(b. North Attleboro, Massachusetts, 3 Nov. 1884; d. Hollywood, Florida, 6 Mar. 1968)
US; member of the US House of Representatives 1925–67 The son of a blacksmith, Martin worked as a journalist after attending high school. In 1908 he bought the North Attleboro Evening Chronicle and in 1912 was elected to the Massachusetts House of Representatives, where he served until 1914, when he was elected to the state Senate. In 1917 he became chairman of the Massachusetts Legislative Campaign Committee and was from 1922 to 1925 executive secretary of the Republican State Committee. Elected to the US House of Representatives in 1925, Martin became minority leader in 1939, a position he held until 1959. From 1940 to 1942 Martin combined the role of minority leader of the House with the chairmanship of the Republican National Committee. With the Republican congressional victory of 1946, he served as Speaker in the ‘do-nothing Eightieth Congress’ (1947–49), a role he occupied again when Republicans enjoyed a majority in the House from 1953 to 1955.

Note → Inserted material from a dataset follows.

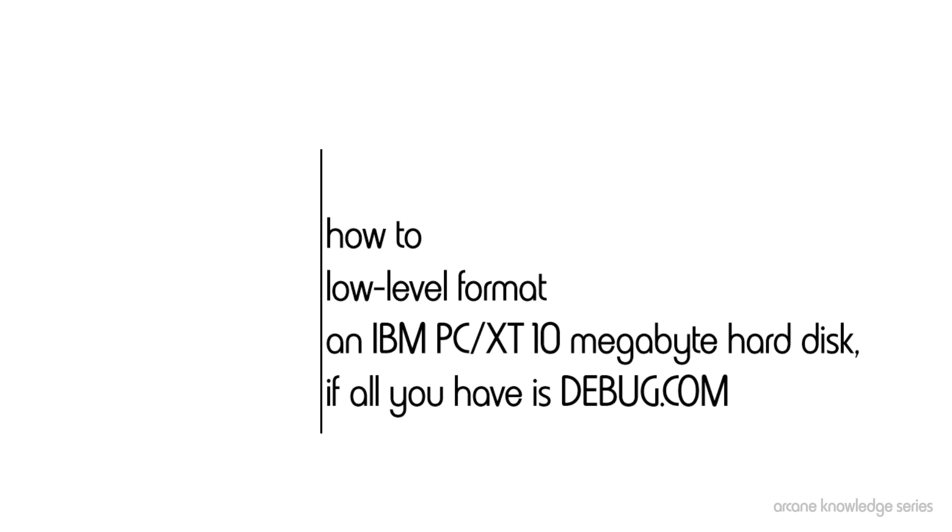If you don't have this disk, then this video will show you what you can do instead by actually replicating the very routines that the Advanced Diagnostics disk does to low-level format the disk in the first place.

Martin played a key part in the ‘conservative coalition’. He was able to unite Republicans and conservative southern Democrats to curb the expansion of federal government and to limit the impact of liberal legislative initiatives. In 1946 he helped to pass the Taft-Hartley Act, limiting the power of organized labour, over President Truman's veto. For many on his own side his leadership style was too autocratic and there were suspicions that his friendly relationship with Democratic Speaker Sam Rayburn limited Republican effectiveness in Congress. Discontent with the Republican electoral and legislative performance combined with concern about the neglect of the party's Policy Committee to remove him from the leadership in 1959. In 1966 Martin failed to be renominated and he died two years later.